I've always been aware that justice is difficult to define, and equity likewise but I have to say that Rogoff and I are a long way apart when he says:
Rather than punitively taxing wealth, globalisation strengthens the case for shifting to a flat tax on income (or better yet consumption) with a moderately high exemption. Aside from the usual efficiency arguments, it is just going to become increasingly difficult and costly to maintain complex and idiosyncratic national tax arrangements.
Unfortunately, movements towards fundamental tax reform are on the back burner in most countries. One can only hope that our children's generation will grow up to live in a world that does a better job of balancing efficiency and equity than we do.

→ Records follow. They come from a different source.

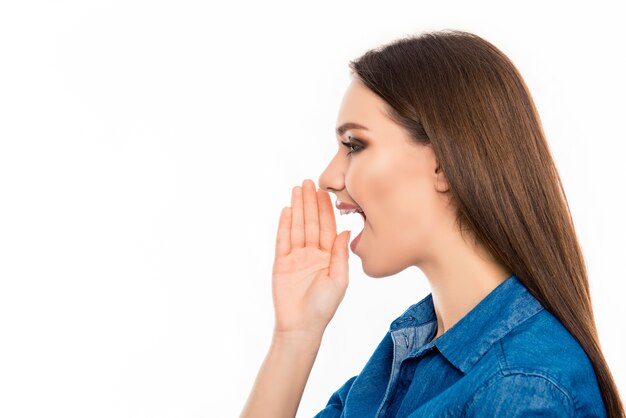 Side view of cheerful young woman holding hand near mouth and screaming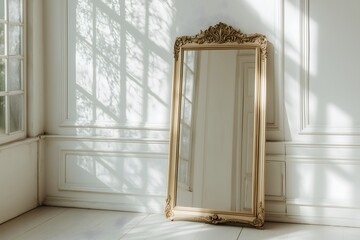 An antique mirror leaning against the wall in a beautiful white room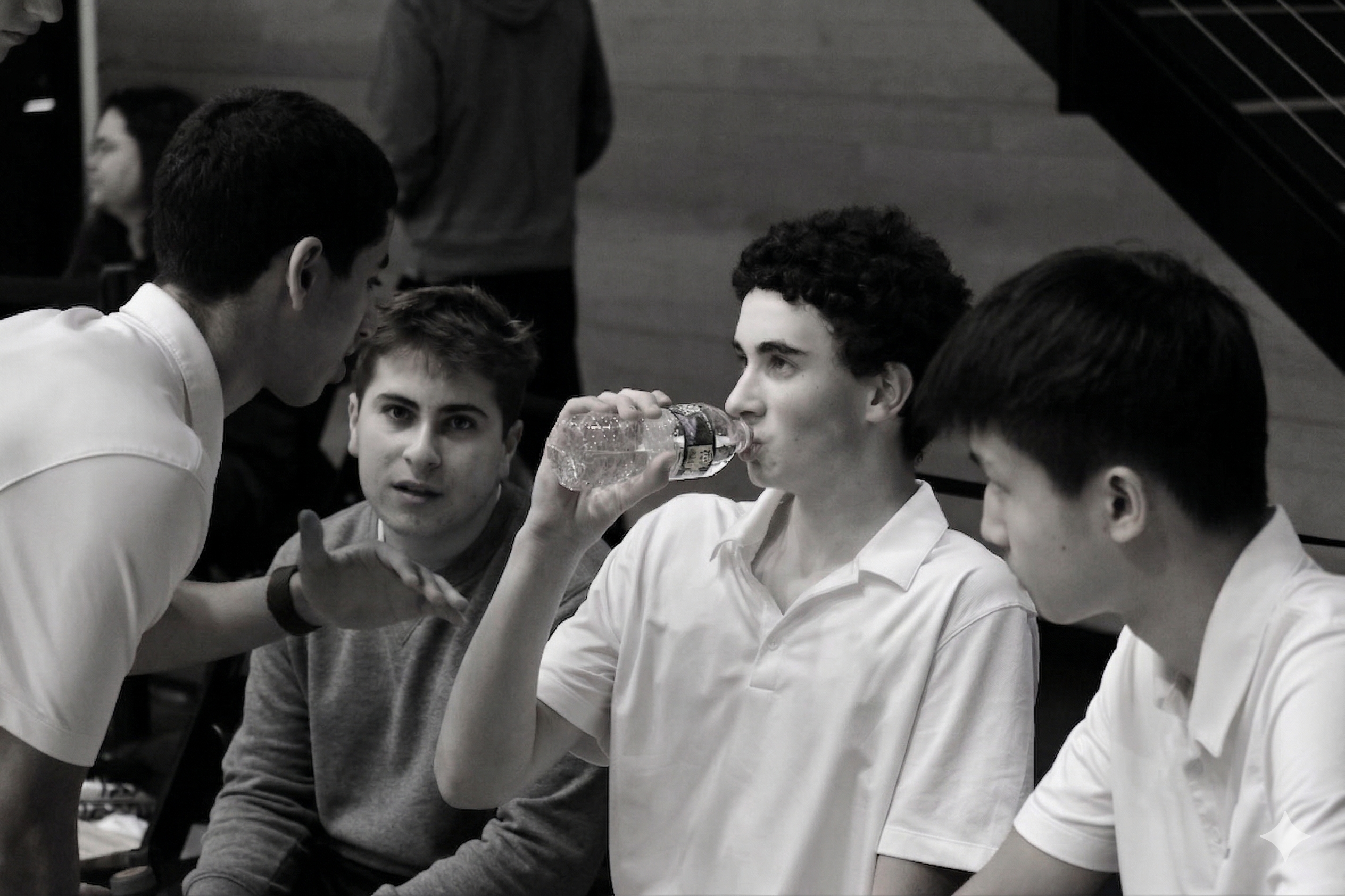 Three squash players receiving coaching courtside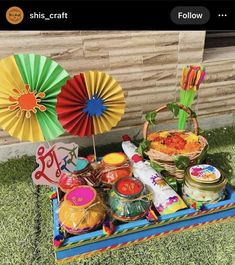 an assortment of colorful items on display in the grass with paper umbrellas above them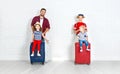 Concept travel and tourism. happy family with suitcases near w Royalty Free Stock Photo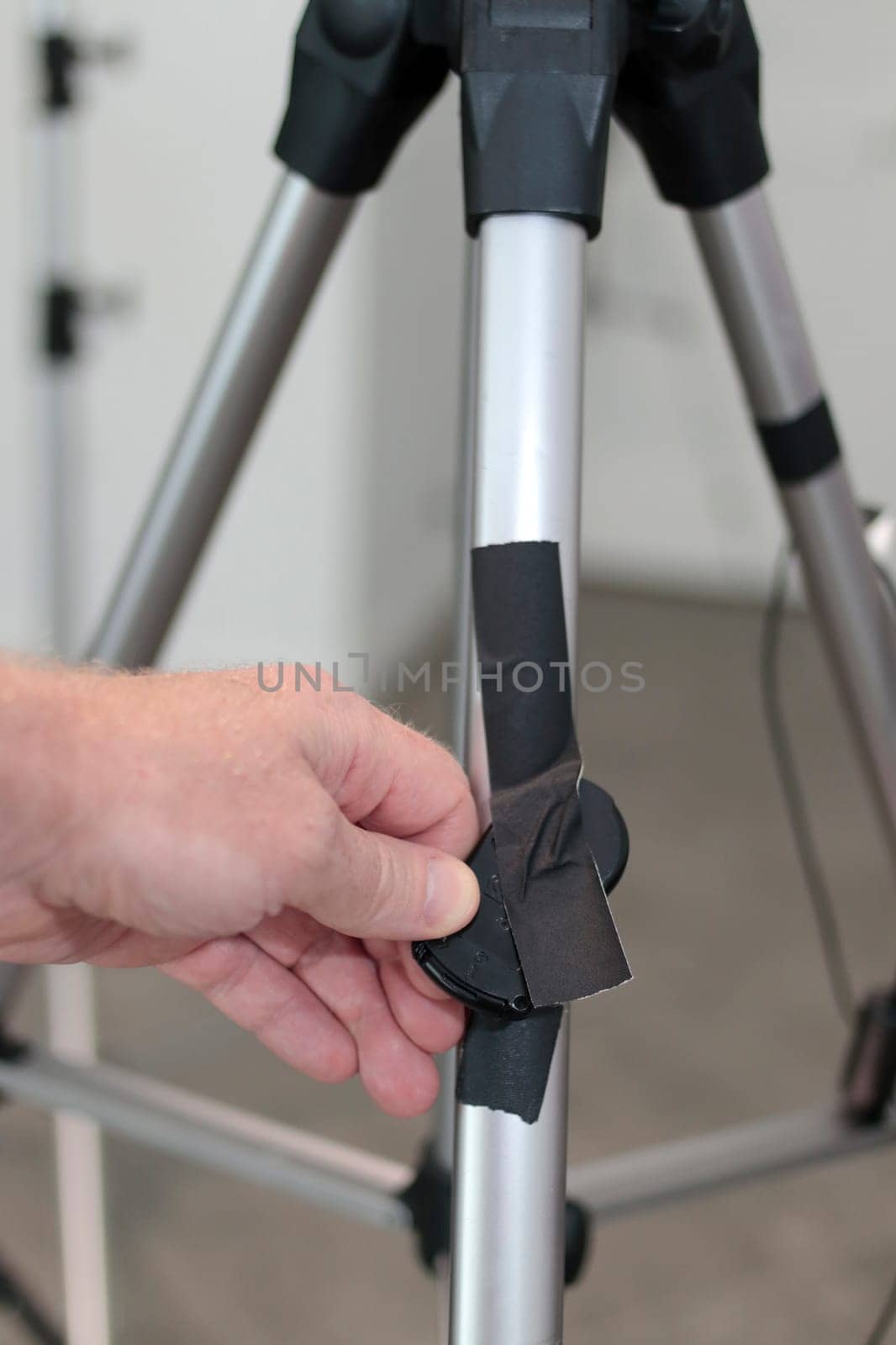 Fingers display camera remote control on tripodal. Hand holds camera remote control taped to a tripod Male hand showing camera remote control black gaff taped to a camera tripod in a tiled home office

I don't want to be unkind to Rogoff, but candidly I find this pretty repulsive. The least taxed as a proportion of income in the UK are the wealthiest. That's true of many countries. So how is it that the rate of tax wealth suffers is punitive? Especially when the highest taxed in the UK, as a proportion of income are the very poorest?
No one has shown that flat taxes will alter this. In Bulgaria where a flat tax is on its way no one agrees with Rogoff that this will reduce inequality: everyone thinks the poorest will pay more. The IMF did not find an improvement in after tax income equality in Russia after the introduction of flat taxes. In Slovakia where there is 19% VAT, 19% income tax and 19% corporation tax national insurance was, the last time I looked a massive 48%, and it is, of course, charged on employed income alone.
How and why then is not taxing wealth equitable is the question I ask?
And I'll answer very simply: it can never be so. Ever. However you define justice, and however you define equity. But that's what Rogoff wants.
He abuses the English language in the process of making his claim.